There is something familiar about Xela. I can´t put my finger on it. I watch a movie later and bump into him. I thought I could organise a Spanish school today but everything is closed. Back at the dorm, I met this young German trainee doctor. She is working far up in the hills in a village miles from anything and came to Xela for a bit of RnR. She is having a fascinating time with her patients, who are now used to her. She told us that if someone cant be treated at her clinic, or it is too serious, they have to drive 3hrs or more or get a taxi to the nearest hospital. Most don’t have a car and often that drive is too long. This is especially true for difficult births. She also said the equipment they had was medieval and very limited. It was sad yet the people were incredible.


Monday. I set to investigating all the Spanish schools around. Oh my god! There are so many. I am so confused. I want to go with a Mayan school but it does not feel the best. I give up and try to find walking boots. I search for hours and hours and hours. Nothing. Oh god.
Tuesday. I searched again for walking boots. I have to find some, as walking around in freezing rain in sandals. It is killing me. By Wednesday, I have given up trying to buy hiking boots and invested in a cool pair of boots, red converse look-a-likes. Always wanted a pair so now I have them but what the hell am I to do about hiking boots? But at least I now feel a million times warmer with covered feet. Life is better already.


I make friends with Lori and Joan two pretty cool Americans, who are a few years younger than I. Joan being the baby. We often end up on the single bed in the dorm chatting for hours. I have another great roommate, called John. He has just turned 60 and is probably one of the coolest men I have met. He has been volunteering for 6 months in another town several miles away, teaching. His wife is just as spectacular. She has volunteered to help protect witnesses on their way to trial. There are trials running at the moment on crimes committed during the war etc. Often the witnesses are intimidated by the perpetrators or their associates. However, just having one foreigner present can stop this. Bizarre but… His wife though has had to volunteer for 6 months as there are other things to be done too and often appearing as a witness is traumatic so counseling and helping is part of the job too.

Friday, well I finally found a school, it was recommended to me by an Aussie called Michael, who was here for the weekend, up from another town where he is volunteering for 6 months teaching English. I booked for 5 hours every afternoon for a week.
There is great excitement in Xela at present as it is the month of the Virgin Mary. Stalls have set up in the central park selling food like tacos, corn and poncho, which is a hot fruit punch. Needless to say I have had great fun trying them all.

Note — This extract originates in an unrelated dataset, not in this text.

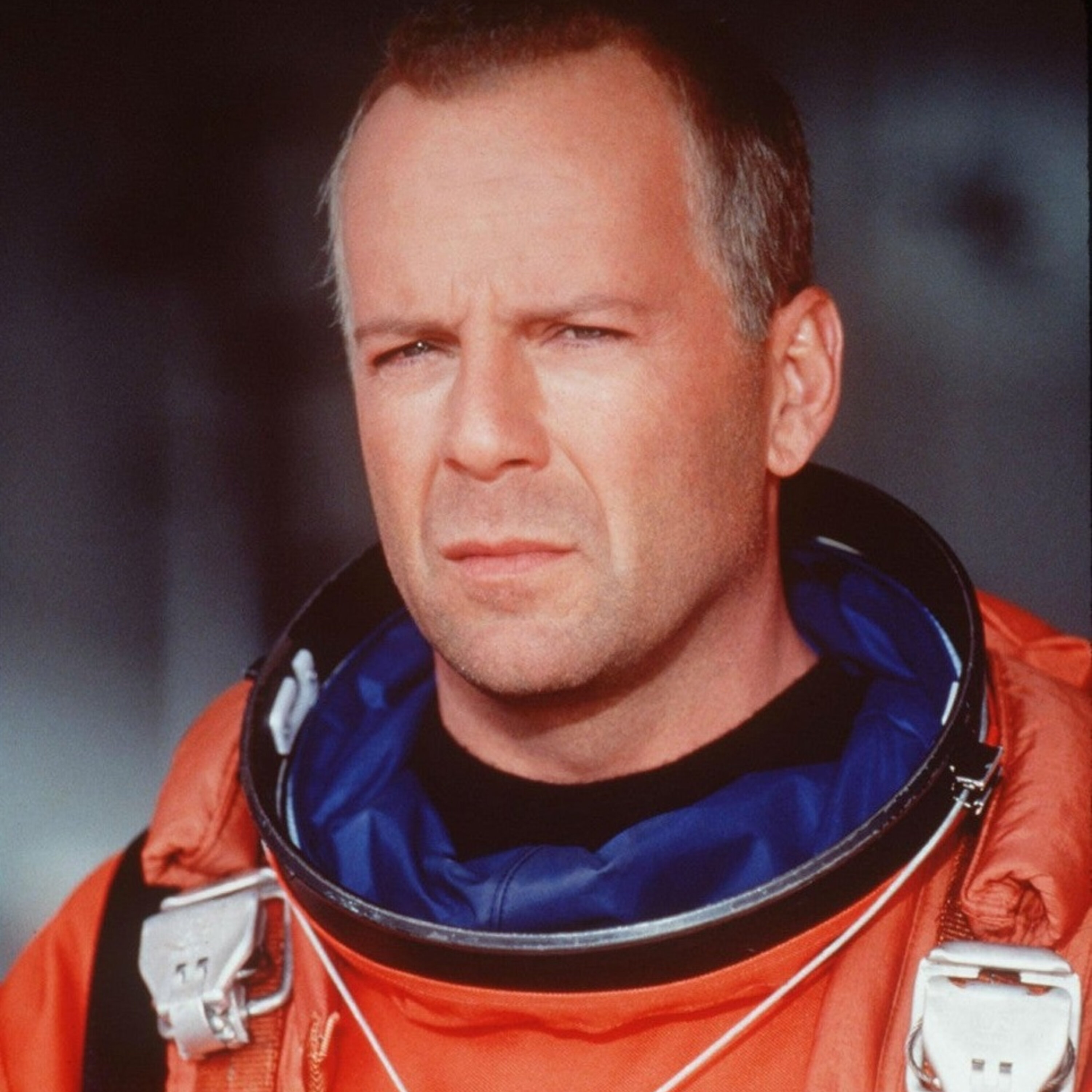 Bruce Willis Has No Interest In Blowing Up An Actual Astroid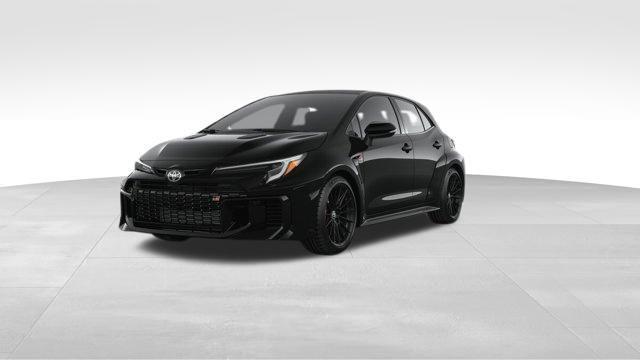 new 2025 Toyota GR Corolla car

There are regular processions around town, which involves carrying a life size statue of the virgin with religious walking behind praying and fire crackers being left off behind he procession every 10 minutes or so (they are so loud). What I do like though is that the men carry the statue for a short while, then the women take over. At home it used always be just the men. The cathedral has been decorated with the finest flowers and draped with long swaths of red cloth. It is stunning inside.

This week met some of the other regulars here in the hostel. There is Marco, from Guatemala, an architecture student here in Xela. He is a doll. And a mad Mexican called Pablo, 26. Then there is Francisco, 21, Lette, 17 and Hilda who has 2 kids and seems to be in her late 20s/early 30s all working in the hostel.

At the weekend, I went around town looking at the festivities. In the evenings there are marimba bands and a great party atmosphere.

Sunday 5Oct. Hilda invited Micheal, Pablo and Lori to the celebration of Day of the children in her village. Lori was ill, so I went instead. She took us 3 to the village which took a total of 3 buses which she has to take each time she comes to work. It took about an hour. Then it was onto the church hall, where we listened to the pastor preach. Later, Lette and some of her sisters and loads of school kids put on a show of singing and dancing. It really was lovely. At the end the villagers insisted on feeding us. It was so nice of them and the food was lovely.
That evening, a few came from the hostel on Sunday and we ate together and played table futbol. Hilda one of the staff came too.

Monday. 06 Oct: Started class. I like my teacher but there is no energy in the class. I start to wane about 30 minutes into it, as does she. I think having class in the afternoon is no good. I am learning but she is going over things I have learned but just can’t remember. I need to study more. We had one interesting class though. An ex president had just been arrested in Mexico and it was in the newspaper. He had stolen millions about 10 years ago but had escaped. However, it didn’t appear that he would be handed over anytime soon and if he was the indications were he would get off. Guatemalan politics are soooo corrupt.

Monday. 13Oct: Francisco, Pablo and Marco often end up cooking in a group. Lori joined them first and now I have. The group is growing and sometimes it is smaller.
I went to another school, this time the Mayan school. The class is so much more interesting and there is an energy between us. It also starts in the morning and gives me time to study in the afternoons and do my homework .

Another Mexican called Cesar has joined the hostel group. He is a great cook and has joined the group. Everyone seems to be enamored with him. He is very sociable. The groups for dinner have grown sometimes to 16.

I met this lovely German girl in the hostel and she wanted to go to one of the local indigenous markets in a town called another town called Momostenango.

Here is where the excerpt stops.